# A better way to average frequency response?



## AudiocRaver (Jun 6, 2012)

John, have you ever considered the averaging function as in the following diagram? I have borrowed this diagram, with full appreciation and credit given to Denis Sbragion's _DRC: Digital room Correction_ site. 

It suggests that since we are more sensitive to response peaks than to narrow response dips and notches, an averaging function should weight the peaks more heavily than the dips, and our perception of frequency response will ride closer to the top of the closely-spaced variations than the middle, as we seem to assume.

The phenomenon would seem to address the popularity of target curves which roll off above 1 kHz or so to keep a room from seeming overly bright.

Any thoughts on the matter? Is the approach valid? Any possibility of an alternate averaging function for REW?
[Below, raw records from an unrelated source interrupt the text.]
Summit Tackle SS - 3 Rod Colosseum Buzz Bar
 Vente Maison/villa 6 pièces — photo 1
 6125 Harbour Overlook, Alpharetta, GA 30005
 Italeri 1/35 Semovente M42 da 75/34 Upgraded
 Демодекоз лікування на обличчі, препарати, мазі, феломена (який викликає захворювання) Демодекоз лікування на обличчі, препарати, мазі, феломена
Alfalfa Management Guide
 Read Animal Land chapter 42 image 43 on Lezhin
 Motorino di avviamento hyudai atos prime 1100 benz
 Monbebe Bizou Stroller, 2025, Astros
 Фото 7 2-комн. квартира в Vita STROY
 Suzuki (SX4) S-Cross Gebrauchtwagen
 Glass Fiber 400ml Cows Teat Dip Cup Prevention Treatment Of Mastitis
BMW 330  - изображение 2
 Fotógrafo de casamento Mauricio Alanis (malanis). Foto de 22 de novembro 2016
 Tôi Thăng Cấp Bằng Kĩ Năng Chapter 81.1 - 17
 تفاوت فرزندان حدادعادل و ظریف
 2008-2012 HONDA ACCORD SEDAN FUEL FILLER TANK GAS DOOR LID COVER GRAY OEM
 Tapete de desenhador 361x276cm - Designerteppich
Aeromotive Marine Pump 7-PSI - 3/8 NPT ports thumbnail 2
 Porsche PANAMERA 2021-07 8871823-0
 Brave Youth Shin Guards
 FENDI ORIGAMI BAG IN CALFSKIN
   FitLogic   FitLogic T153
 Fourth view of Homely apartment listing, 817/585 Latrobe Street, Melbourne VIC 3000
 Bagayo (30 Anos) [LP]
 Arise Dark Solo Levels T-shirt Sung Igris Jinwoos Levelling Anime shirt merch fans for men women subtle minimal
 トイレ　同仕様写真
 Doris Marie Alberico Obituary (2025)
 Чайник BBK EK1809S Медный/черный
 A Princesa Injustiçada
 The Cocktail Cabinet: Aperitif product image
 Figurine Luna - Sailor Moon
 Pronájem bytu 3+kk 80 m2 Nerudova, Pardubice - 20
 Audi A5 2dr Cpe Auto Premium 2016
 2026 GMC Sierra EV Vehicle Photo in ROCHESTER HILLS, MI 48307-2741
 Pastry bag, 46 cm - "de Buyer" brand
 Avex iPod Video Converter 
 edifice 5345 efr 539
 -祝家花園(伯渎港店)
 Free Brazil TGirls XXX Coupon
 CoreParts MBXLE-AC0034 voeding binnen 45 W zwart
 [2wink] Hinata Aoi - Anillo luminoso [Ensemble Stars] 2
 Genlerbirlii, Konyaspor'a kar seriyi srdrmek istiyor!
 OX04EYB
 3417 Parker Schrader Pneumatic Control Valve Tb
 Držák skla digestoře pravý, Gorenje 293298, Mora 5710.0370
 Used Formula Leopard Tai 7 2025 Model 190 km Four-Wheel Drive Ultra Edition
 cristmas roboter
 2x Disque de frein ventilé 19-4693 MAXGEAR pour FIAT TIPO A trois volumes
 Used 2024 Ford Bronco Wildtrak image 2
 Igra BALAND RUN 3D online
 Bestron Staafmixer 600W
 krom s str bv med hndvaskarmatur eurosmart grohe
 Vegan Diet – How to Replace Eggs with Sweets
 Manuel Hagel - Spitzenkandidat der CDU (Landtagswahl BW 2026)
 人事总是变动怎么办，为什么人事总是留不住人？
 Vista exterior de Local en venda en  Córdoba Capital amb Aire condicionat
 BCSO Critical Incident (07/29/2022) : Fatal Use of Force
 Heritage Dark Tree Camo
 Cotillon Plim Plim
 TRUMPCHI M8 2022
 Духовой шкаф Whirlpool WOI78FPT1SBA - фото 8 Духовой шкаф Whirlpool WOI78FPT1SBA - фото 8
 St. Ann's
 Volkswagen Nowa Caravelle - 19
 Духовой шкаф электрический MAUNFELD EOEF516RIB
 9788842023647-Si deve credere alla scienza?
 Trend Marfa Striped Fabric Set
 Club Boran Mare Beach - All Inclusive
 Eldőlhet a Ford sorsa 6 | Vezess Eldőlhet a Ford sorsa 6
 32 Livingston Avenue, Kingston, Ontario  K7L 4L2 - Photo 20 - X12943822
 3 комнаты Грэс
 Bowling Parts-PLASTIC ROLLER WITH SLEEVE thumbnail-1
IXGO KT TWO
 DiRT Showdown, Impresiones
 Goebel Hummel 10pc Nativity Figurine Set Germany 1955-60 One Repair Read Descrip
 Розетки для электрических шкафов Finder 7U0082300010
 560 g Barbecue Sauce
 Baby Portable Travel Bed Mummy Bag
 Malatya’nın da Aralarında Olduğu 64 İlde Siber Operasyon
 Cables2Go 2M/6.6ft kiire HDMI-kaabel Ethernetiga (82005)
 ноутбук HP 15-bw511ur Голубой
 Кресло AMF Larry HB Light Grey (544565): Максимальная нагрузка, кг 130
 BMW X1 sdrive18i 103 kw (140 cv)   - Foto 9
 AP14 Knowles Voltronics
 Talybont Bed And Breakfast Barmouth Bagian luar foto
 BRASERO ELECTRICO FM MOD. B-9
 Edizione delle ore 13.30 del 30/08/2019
*Quoted from the DRC site.* "Example of a magnitude response envelope. The unsmoothed magnitude response of a typical room, corrected with a flat target, is plotted. Superimposed there is the usual smoothing, computed on the ERB scale, showing an essentially flat magnitude response, as expected. The magnitude response envelope, computed on the ERB scale too using standard parameters, show a rising slope which is in good agreement with the inverse of one of the target responses suggested in the literature."

Link to the DRC site.


----------



## JohnM (Apr 11, 2006)

Denis researches his approach thoroughly so I'm sure he has a sound basis for the methods employed, but there are a lot of tunable parameters in the DRC psychoacoustic target calculation so it's not at all straightforward to say what settings could or should be used to produce any particular response. I'm not convinced that this is an explanation for targets that roll off at high frequencies, since such targets reflect typical listening position measurement results - there is usually more absorption at HF in rooms.


----------



## AudiocRaver (Jun 6, 2012)

Is there any reason to believe that an averaging method that rides more toward the peaks might be more psychoacoustically accurate?


----------



## Wayne A. Pflughaupt (Apr 13, 2006)

I have my doubts. 

If you have speakers with bi-wiring terminals, here’s an easy test you can do that takes the averaging effect of a measurement system totally out of the equation. Play a pink noise signal through the tweeter, then mid/woof, and then your subwoofer, and measure each with a SPL meter with C-weighting. I’ll bet you a gift certificate for your favorite restaurant that you’ll find the subwoofer gets the highest figure, and the tweet gets the lowest. 

Regards,
Wayne


----------



## AudiocRaver (Jun 6, 2012)

Wayne A. Pflughaupt said:


> I have my doubts.
> 
> If you have speakers with bi-wiring terminals, here’s an easy test you can do that takes the averaging effect of a measurement system totally out of the equation. Play a pink noise signal through the tweeter, then mid/woof, and then your subwoofer, and measure each with a SPL meter with C-weighting. I’ll bet you a gift certificate for your favorite restaurant that you’ll find the subwoofer gets the highest figure, and the tweet gets the lowest.
> 
> ...


Sorry, Wayne, I honestly do not understand how your example relates to my question. No worries. I should have said smoothing, although averaging of some kind is involved in the smoothing algorithm, in the way a raw measurement sweep, with its wild high-frequency variations of 20 dB and more, is processed and what weighting is applied to the individual measurements, and over what averaging window, or band, to arrive at a smoothed version of the sweep.


----------



## Wayne A. Pflughaupt (Apr 13, 2006)

It’s possible I misunderstood your original post. To clarify, when you said...


AudiocRaver said:


> The phenomenon would seem to address the popularity of target curves which roll off above 1 kHz or so to keep a room from seeming overly bright.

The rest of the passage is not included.